Regulators have appointed trustees to take over the running of a suspected pension liberation scheme to safeguard the retirement savings of investors.
The independent trustees were appointed by The Pension Regulator to manage the finances of the London Quantum Retirement Benefit Scheme, also known as the London Quantum Occupational Scheme.
Neither the regulator nor the trustees will comment on the move but admitted they had concerns the scheme was involved in pension liberation.
Pension liberation, sometimes called pension unlocking, allows retirement savers under 55 years old to access their funds although pension rules state no one under that age can draw pension benefits except in exceptional circumstances, such as serious ill health.

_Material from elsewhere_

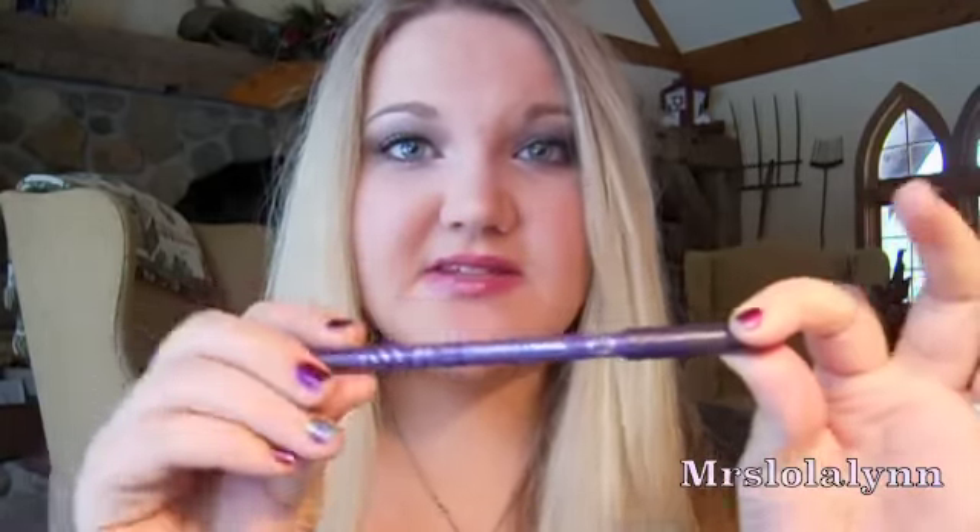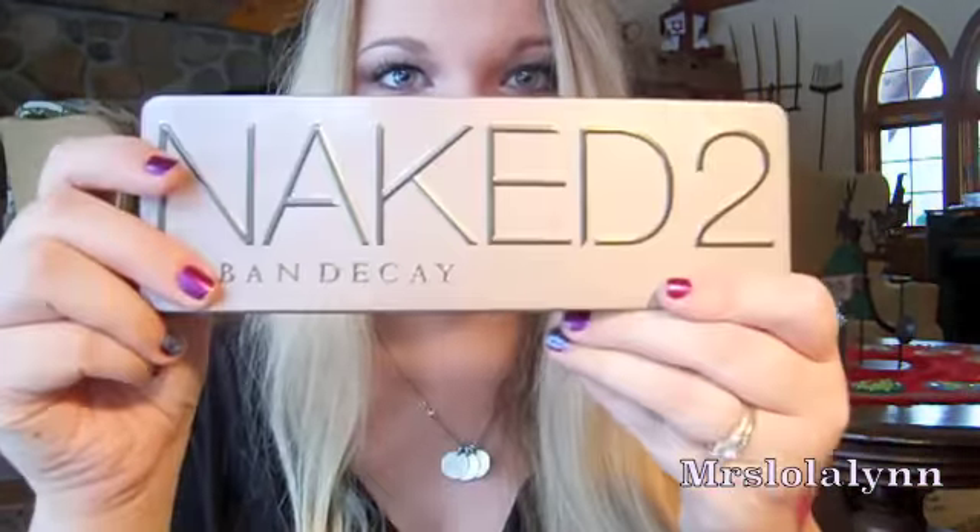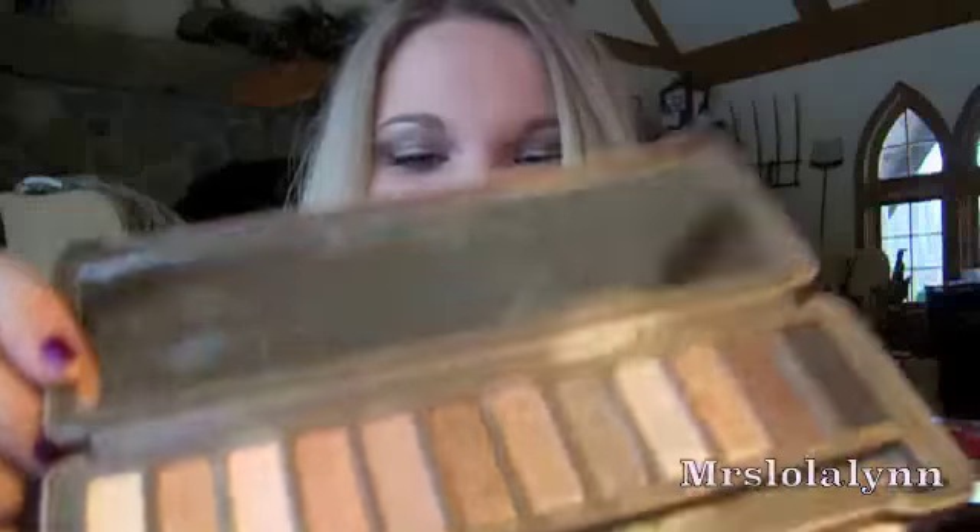Last favorite is the Naked 2 palette — I've been loving the shade YDK. I have it on my lids today; it's just a really pretty rose gold color. When you pair that with Tease in the crease, it's such a pretty eye, and you can darken it up with Hustle. I took the Naked 1 palette and the Too Faced Romantic Eye palette on my trip — keeping it simple. Sometimes it's good to go back to basics with what you really love.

The regulator fears many of these schemes are scams or mislead retirement savers by charging high fees to arrange withdrawals while failing to tell them that HM Revenue & Customs (HMRC) will demand a 55% tax charge plus interest and other penalties for breaking pension rules.
Investigation under way
“Accessing pension money early is often on condition that cash transferred into a pension liberation scheme goes into a risky investment,” said a spokesman for the regulator.
The regulator explained that retirement savers can no longer pay contributions into London Quantum or take money from the scheme.
Trustees have started an investigation into how savers were sold their pensions and how their cash was invested.
The inquiry is gathering evidence such as documents, policy schedules and identifying the people involved in setting up and managing the scheme.
The trustees revealed the same person behind other pension liberation operations closed down by the regulator is also a key figure in the London Quantum scheme.
Ark Consultancy links
The other pension liberation schemes involved a firm called Ark Consultancy and other associated businesses which were also investigated by the regulator.
The trustees running London Quantum list the adviser behind the Ark scheme as a main contact.
The High Court ruled the Ark operation was a pension liberation scheme and closed them in 2012.
“We can confirm that we have an information gathering exercise underway and have written to scheme members asking them certain questions,” said a spokesman for the new trustees.
“We need to establish what the assets of the scheme were and where they are now. If we suspect pension liberation was involved, we will make every effort to recover as much money as possible to minimise the losses of any retirement savers.”
At this stage, the regulator has not in dictated how much money is involved in the London Quantum inquiry.